What you should do
The listing below holds pictures; exclude them. Return exactly the lines from the one with "Maglia polo in" through the one with "Make me a hip".

══ Data ══

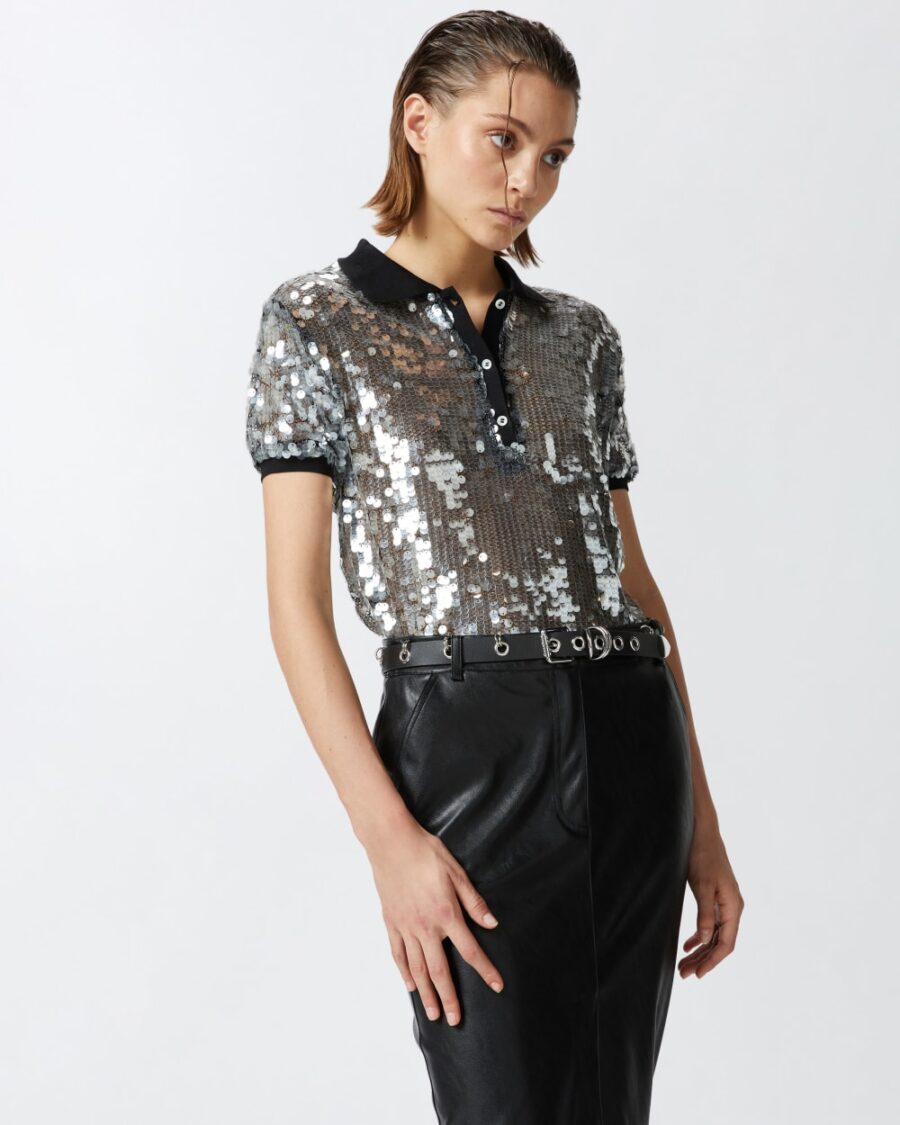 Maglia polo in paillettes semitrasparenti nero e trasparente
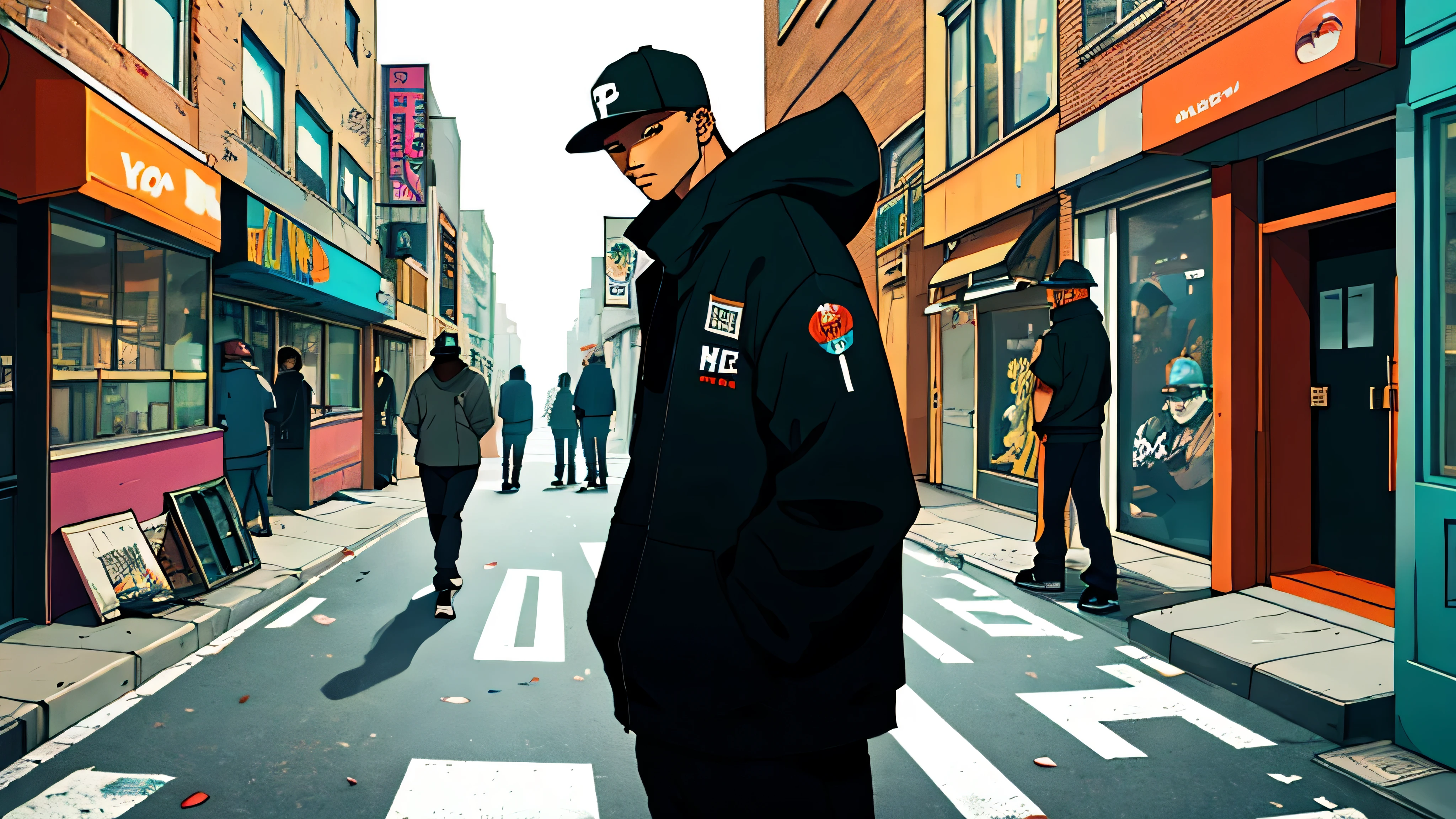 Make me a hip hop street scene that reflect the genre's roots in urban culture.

═══
══ Data ══

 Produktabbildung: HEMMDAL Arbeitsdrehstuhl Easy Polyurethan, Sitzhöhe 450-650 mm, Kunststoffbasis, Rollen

═══

Written answer
 Maglia polo in paillettes semitrasparenti nero e trasparente
 Make me a hip hop street scene that reflect the genre's roots in urban culture.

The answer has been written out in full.